Am Bratach No. 244
February 2011
editor@bratach.co.uk

 

POSTBOX

On the trail of Patrick Sellar

Kevin Crowe complains that I attributed to him words which were in fact quotations from Leith’s book (Am Bratach, December 2011). This fact was made clear in my letter, but Kevin should not need to complain. His review makes it obvious that he fully agrees with everything Leith wrote — a view reinforced by his latest letter.

The most important quotation was the allegation that prosecution witnesses were deliberately selected “to present a perception of untrustworthiness” in the minds of the jury. I still maintain that this insults the memory of those witnesses, who are all identified by name and place of residence in the trial report. More importantly, the allegation is hard to believe because the witnesses were all selected by the prosecution, acting on the advice of Robert Mackid.
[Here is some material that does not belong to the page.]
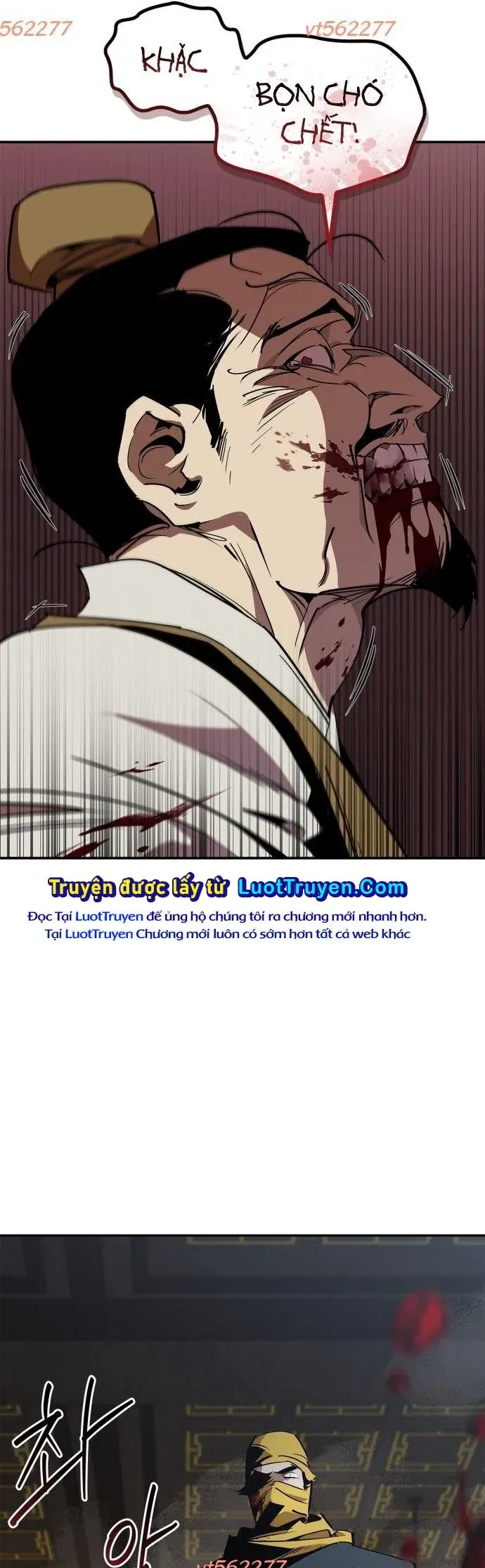 Võ Học Miền Viễn Tây Chapter 64 - 56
Trustworthiness crops up later in Kevin’s review when he reports that the judge asked the jury “to compare the stature of Sellar’s character witnesses with that of the tinker and other prosecution witnesses in terms of likely trustworthiness”. This is untrue; the judge never referred to William Chisholm as “the tinker” and he never questioned the trustworthiness of any witnesses whatsoever. He instructed the jury to concentrate on the differences in the evidence given by the two sets of witnesses — prosecution and defence — and said it was the jury’s duty to decide between them. If (and only if) they were unable to reach a verdict from this material evidence, they should then consider the evidence from Sellar’s character witnesses. Sellar had produced them because of the sustained character asassination he had received in the press for more than a year — much of it undoubtedly well deserved.

This press campaign had been fed by the Sherriff-Substitute, Robert Mackid, and it seems likely that the trial collapsed (in part at least) because of his leading role in the prosecution. Mackid had a grudge against Sellar, resulting from his habit of poaching on the Sutherland Estate. Sellar had apprehended him for this, and he felt humiliated. Moreover, he believed that Sellar, an experienced lawyer, was plotting to replace him as Sheriff-Substitute. His hatred of Sellar was attested in a letter by Robert Gordon of Langdale and, at the trial itself, by a reliable witness — the Procurator Fiscal of Sutherland, Hugh Ross. He related how he had warned Sellar in 1813 that Mackid would seize any opportunity to do him harm. This was a body blow to the prosecution.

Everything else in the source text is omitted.